I have two data sets consisting of 7 observations each:
Set#1: 10, 2, 3, 2, 4, 2, 5
Set#2: 20, 12, 13, 12, 14, 12, 15
For each, I will compute the Central Tendency and Variation.
These measures are fundamental statistical concepts that I need to master on my journey to understand advanced analytics.
A little bit of knowledge first
Central tendency is a fundamental statistical concept that helps describe where a data set’s “center” or “typical” value lies. It provides a way to summarize and understand a group of data points. There are three primary measures of central tendency:
Mean, Median, and Mode.
Variation measures in statistics help you understand how data points in a dataset are spread out or dispersed from the central tendency (mean, median, or mode). They provide insights into the variability or consistency of your data. Here are some fundamental variation measures for beginners in statistics: Range, Variance, Standard Deviation, Interquartile Range, and Coefficient of Variation.
For my sample datasets, I will demonstrate how to obtain those measures discussed above (I will not include the coefficient of variation at this time).
First, I will convert those datasets into vectors: ‘set1’ and ‘set2’

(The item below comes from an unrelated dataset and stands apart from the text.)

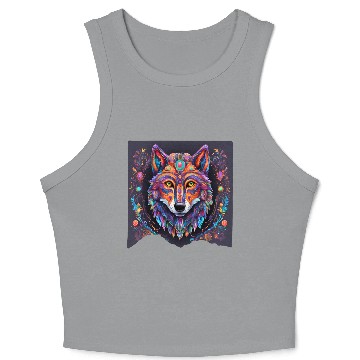 Discover Halloween Wolf Alebrije Crop Tank Top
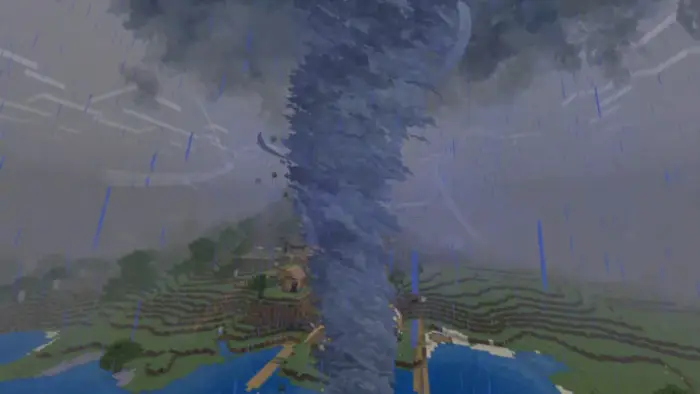 Massive tornado tearing through landscape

> set1 <-c(10, 2, 3, 2, 4, 2, 5)
> set2 <-c(20, 12, 13, 12, 14, 12, 15)
###central tendencies measures and results
> mean(set1)
> # calculates the average
[1] 4
> mean(set2)
[1] 14
> median(set1)
># median is the middle value of the dataset arranged in ascending or descending order
[1] 3
>median(set2)
[1] 13
>mode(set1)
> # mode is the value that appears most frequently in a data set.
[1] “numeric”
#”numeric,” in this case, means that the mode is a numerical value or value within the dataset. The most frequent number in dataset ‘set1’ is 2.
> mode(set2)
> # same as above. The most frequent number in the dataset ‘set2’ is 12.
[1] “numeric”
> #####Review Samples
> summary(set1)
Min. 1st Qu. Median Mean 3rd Qu. Max.
2.0 2.0 3.0 4.0 4.5 10.0
> summary(set2)
Min. 1st Qu. Median Mean 3rd Qu. Max.
12.0 12.0 13.0 14.0 14.5 20.0
> ###variations measures and results
> range(set1)
># It is the difference between the max and min values in the data set.
[1] 2 10
> range(set2)
[1] 12 20
> IQR(set1)
>#It is the difference between the third quartile (Q3) and the first quartile (Q1).
[1] 2.5
> IQR(set2)
[1] 2.5
> var(set1)
># This measures how each data point varies from the mean.
[1] 8.333333
> var(set2)
[1] 8.333333
> sd(set1)
> # It’s the square root of the variance.
[1] 2.886751
> sd(set2)
[1] 2.886751
My two cents:
The standard deviations of both data sets are the same (i.e., both have a standard deviation of 2.89), and they have a similar degree of variability or spread. However, the mean, median, and other summary statistics differ between the two data sets.
The standard deviation measures the spread or dispersion of data points around the mean. If the standard deviations are the same, the degree of variability in both sets is similar. However, the differences in the mean and median values indicate that the central tendency of the two data sets is still different.
In a normal distribution, the mean, median, and standard deviation are related in a specific way:
- The mean and median are equal.
- The standard deviation determines the spread or width of the distribution.
In this case, even though both data sets have the same standard deviation, their means and medians are different, which means they are not similar to a normal distribution with the same parameters.
To assess whether they closely follow a normal distribution, I would typically use graphical methods like histograms, Q-Q plots, and other statistical tests. The differences in mean and median values shows that they are not likely to be normally distributed with the same parameters.